We should maintain that if an interpretation of any word in any religion leads to disharmony and does not positively further the welfare of the many, then such an interpretation is to be regarded as wrong; that is, against the will of God, or as the working of Satan or Mara.

Buddhadasa Bikkhu, a Thai Buddhist Monk


Monday, January 2, 2012

Further Speculation on Mark's Sources (xii)

Lion of St. Mark, Piazza San Marco, Venice
This posting is the twelfth in a series (originally written in 1998) looking at the Gospel of Mark from the perspective of a historian. The first posting in this series is (here).

From a historian's perspective, the issue of Mark's sources requires constant attention. It's a serious frustration to the historical study of Jesus that the Gospels' evidential base is so obscure. It seems possible to me, however, that Mark's author does give us a hint as to his sources. From the time Jesus called his first four disciples (Mark 1:14-20), the author constantly reminds his readers of the presence of the disciples. They were, as the author tells it, Jesus' constant companions. Is the author of Mark reminding his readers of his "ultimate" source? Can we assume that the author believed his sources were derived from the disciples? That's possible. It at least presents us with the possibility that this gospel rests on fairly solid evidential ground and included sources close to the actual events of Jesus' life and ministry. It's even possible that if a historian had had these same sources she could have written a credible biography of Jesus. That's pure speculation, but it's not entirely out of the realm of possibility either.

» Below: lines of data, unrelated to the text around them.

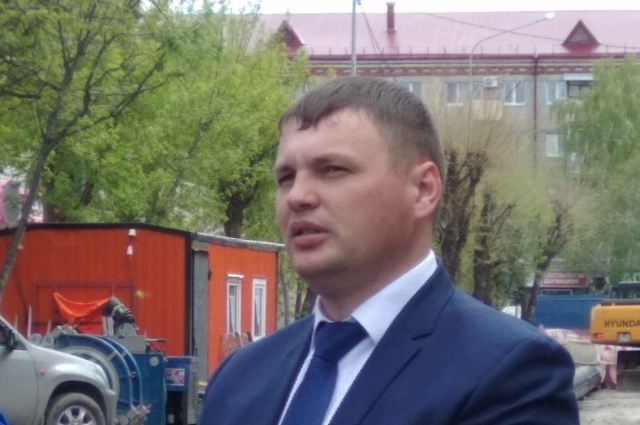 Заместитель руководителя городского департамента дорожной инфраструктуры и транспорта Евгений Сорокин.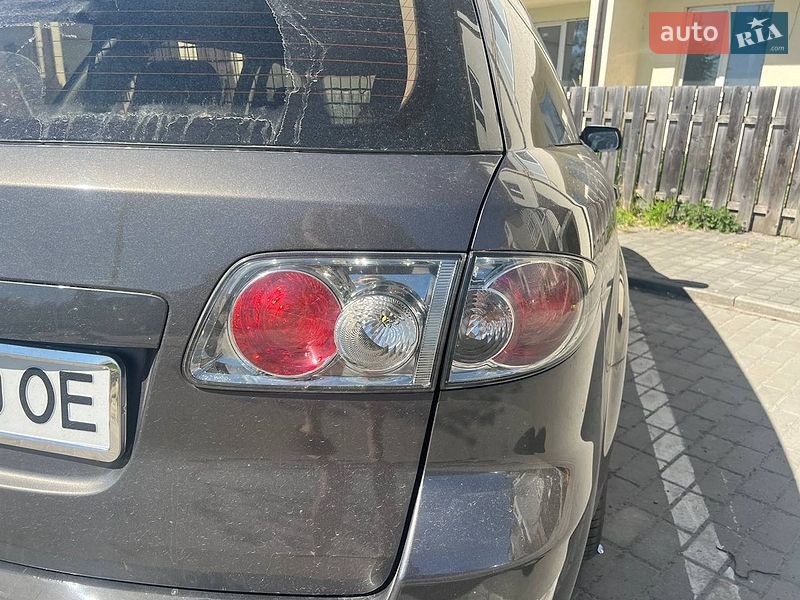 Універсал Mazda 6 2007 в Ременеві фото 25 Універсал Mazda 6 2007 в Ременеві
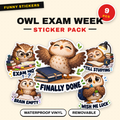 Owl Exam Week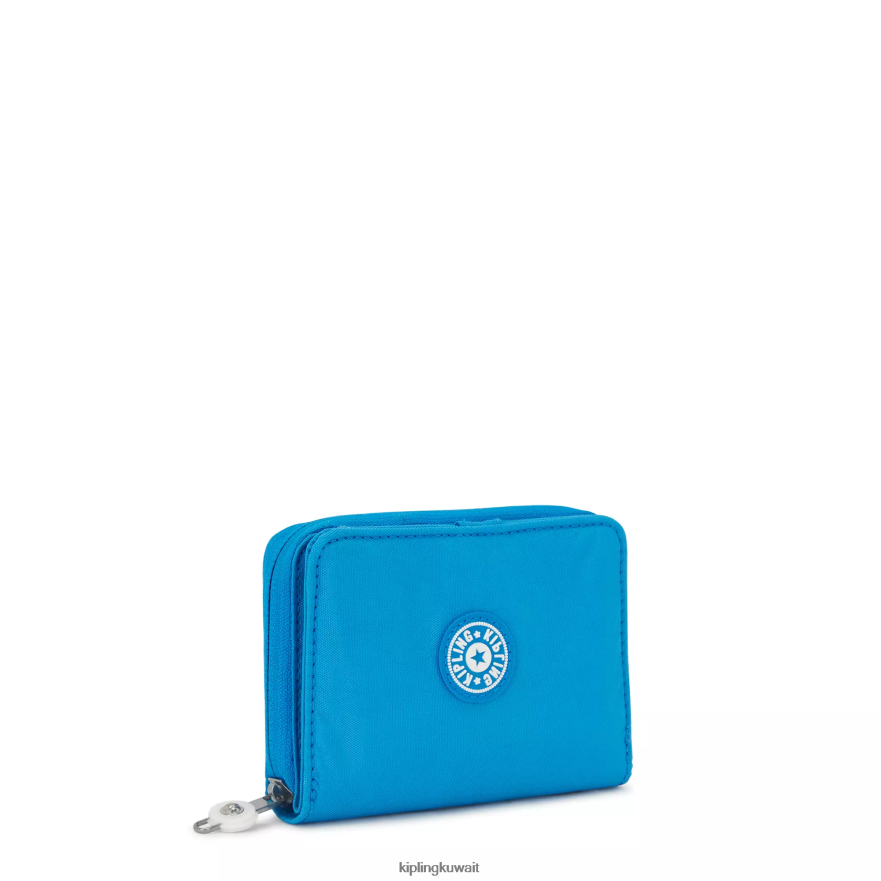 Kipling المال الحب محفظة صغيرة نحيف حريصة الأزرق ZR2RH301 محافظ ومعصم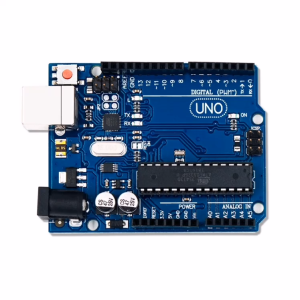 UNO R3 Development Board with ATmega328P CH340 CH340G, Straight Pin Header and Cable - Compatible with Arduino - Ideal for DIY Electronics Projects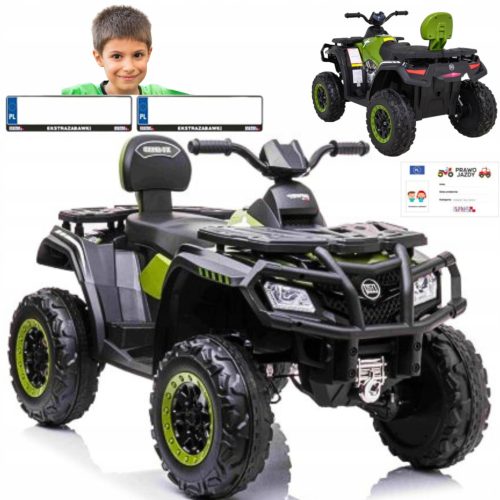  Batteriebetriebenes Quad XT-SPEED 4x4 Grün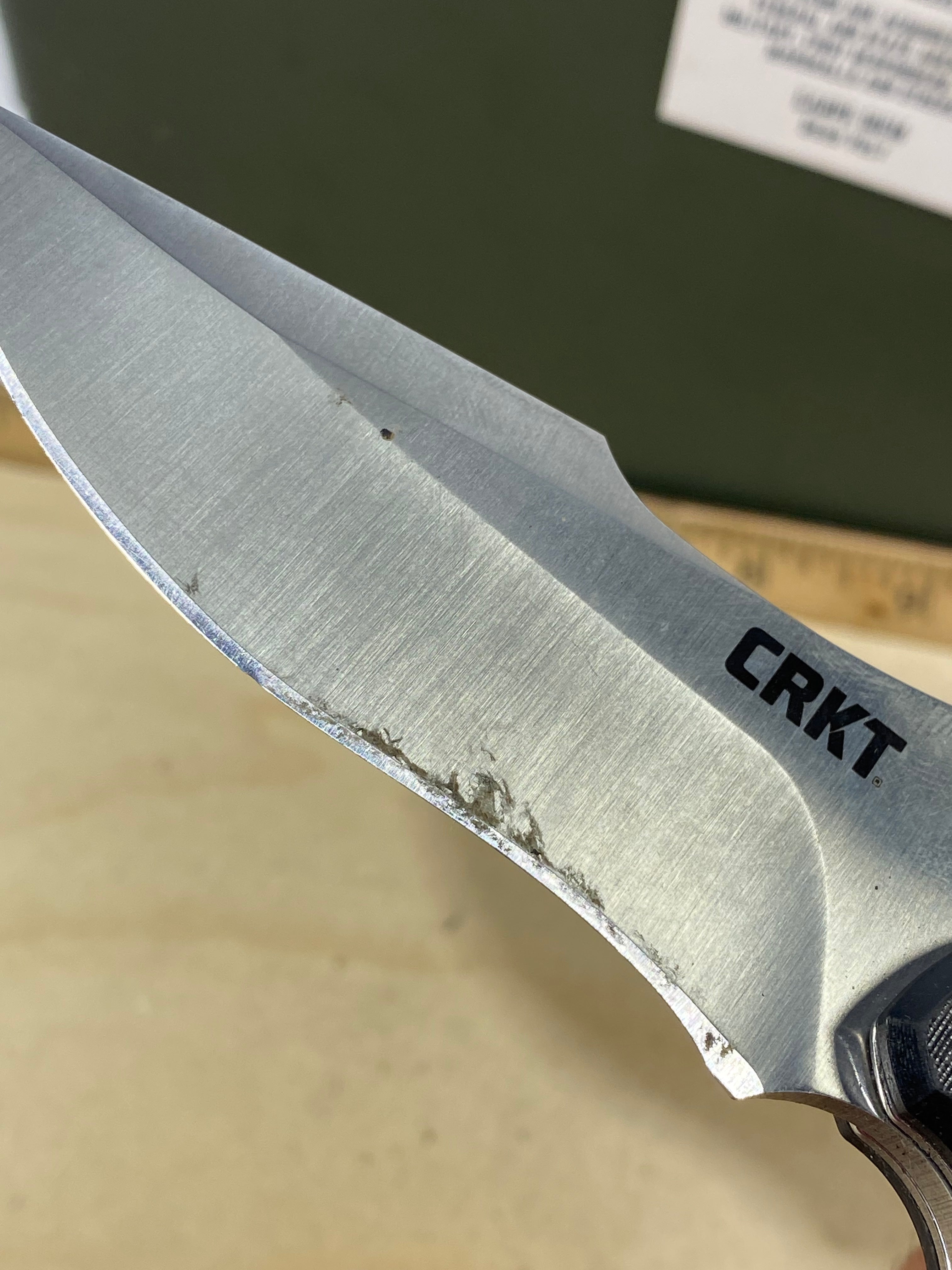 CRKT 7920 P.S.D.  #-35. Light usage. Dirty.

My own sense is that the author of Mark had good sources for his purposes, which was to tell the gospel truth about Jesus. We should constantly remind ourselves that gospel truth doesn't necessarily contradict historical truth. It just doesn't pay attention to historical issues. In other words, there lurks in the gospel truth about Jesus data for the historian, data obscured by gospel conventions and concerns but valid data none the less. That data, finally, comes from eye witnesses, though not directly or "purely" so.



2012 Comment: I've referred in these additional comments to Richard Bauckham's book, Jesus and the Eyewitnesses: The Gospels as Eyewitness Testimony.  I suspect that Bauckham would reply to my 1998 commentary above by saying that the historical data only seems to be "obscured by gospel conventions and concerns" because we moderns are ignorant of how history was written in the first century.  The mention of the disciples is important because in that day it meant that the disciples and other contemporaries of Jesus were the sources for the gospels.  That is the way ancient historians and biographers handled citations, footnotes if you will.  Bauckham also contends that the historical data used by the gospel writers does indeed come directly from the eyewitnesses, although sometimes through the memories of people the eyewitnesses told their stories to.  The point is that according to Bauckham when we read the gospels we are reading an ancient form of historical literature complete with proper citations—we just don't recognize the conventions, that's all.